Italian authorities plan to expand Venice's port into a bustling shipping hub, further endangering the fragile lagoon and contributing to the sinking of the treasured city built on water, a conservation group said Monday.
Venice in Peril, a British fund that works to preserve Venice, said a report it obtained from the local port authority showed plans to accommodate more and bigger ships in a bid to compete with other European harbors.
The Venice port authority confirmed it had written the report, but insisted the works will respect the environment and are necessary to deal with the growing flow of tourists and goods.
The debate illustrates the complex and often controversial balancing act between protecting the UNESCO world heritage site and exploiting a sea port that gives easy access to prosperous areas of northern Italy and central Europe, as well as rapidly developing markets in the Balkans.
The report drawn up for the Italian Senate outlines ongoing and future works including the continued dredging of passages in the shallow lagoon to allow larger vessels in and the construction of a new shipping terminal in the long-declining mainland industrial zone of Porto Marghera.
The port authority is spending at least euro260 million ($370 million) to dredge inlets and navigation channels to allow the passage of ships of up to 400 meters (1,300 feet) in length.
This is particularly concerning for conservationists because dredging and heavy ship traffic are seen as one of the causes of the rising sea level in the lagoon, which threatens the low-lying islands on which the historic city is built.
"The big shipping channels through the lagoon are bad for its health," said Jane da Mosto, a researcher for Venice in Peril. "They aggravate erosion processes and since more water is exchanged between the lagoon and the sea, the higher water levels in Venice infiltrate the building fabric causing damage."

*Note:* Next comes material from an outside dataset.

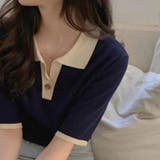 ポロシャツ Vネック 半袖 | Beststore | 詳細画像2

Under the combined effect of rising water levels and settling of the land, Venice has sunk 23 centimeters (nine inches) in the last century.
Most experts agree that the waves generated by large ships and the currents that run through the deep passageways play a big part, displacing and dragging out to sea the sandbanks and other sediments that help keep water out.
In winter, Venice periodically goes through bouts of "acqua alta" (high water), when strong winds and high tides conspire to push the sea into streets and piazzas, forcing tourists and locals alike to don rubber boots and teeter along impromptu bridges.
The rising sea level has increased the frequency of the floods, and in December, Venice suffered its worst deluge in 22 years. Experts warn the problem could further worsen in the coming decades as climate change causes sea levels to rise globally.
The port authority report dismisses environmental concerns by declaring them solved thanks to a project to build towering movable
barriers designed to rise from the seabed and prevent flooding.
The euro4.3 billion ($6.13 billion) system, named Moses after the Old Testament figure who parted the Red Sea, is expected to be operational by 2014.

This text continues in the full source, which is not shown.